> To do
For the data below, retype word for word the lines from the one containing "24-25 PSG High" through the one containing "Bonuskan Gamis Syarifah"; drop the pictures.

> Supplied data
BEGIN
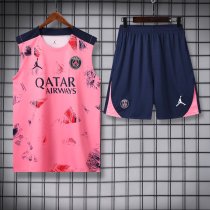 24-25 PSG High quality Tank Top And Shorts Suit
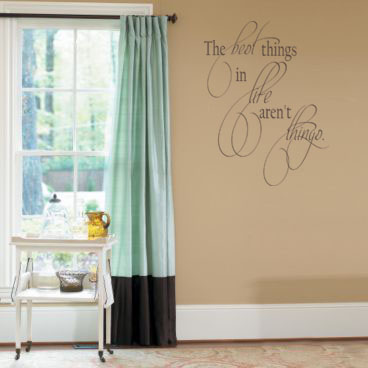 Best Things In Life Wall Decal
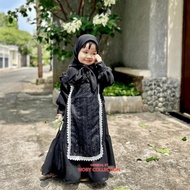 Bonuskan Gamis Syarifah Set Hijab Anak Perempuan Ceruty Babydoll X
END
BEGIN
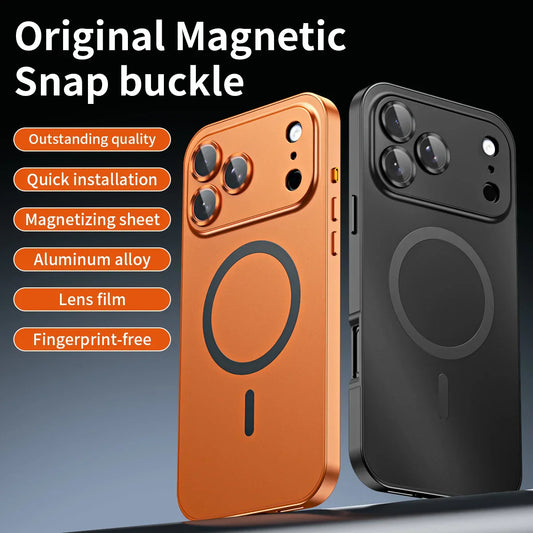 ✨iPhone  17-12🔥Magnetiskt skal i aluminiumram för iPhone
END
BEGIN
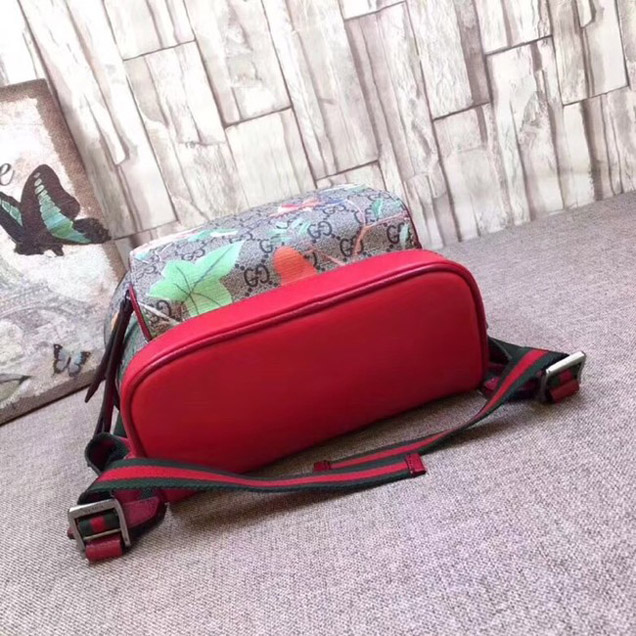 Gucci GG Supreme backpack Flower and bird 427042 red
END
> Your solution
 24-25 PSG High quality Tank Top And Shorts Suit
 Best Things In Life Wall Decal
 Bonuskan Gamis Syarifah Set Hijab Anak Perempuan Ceruty Babydoll X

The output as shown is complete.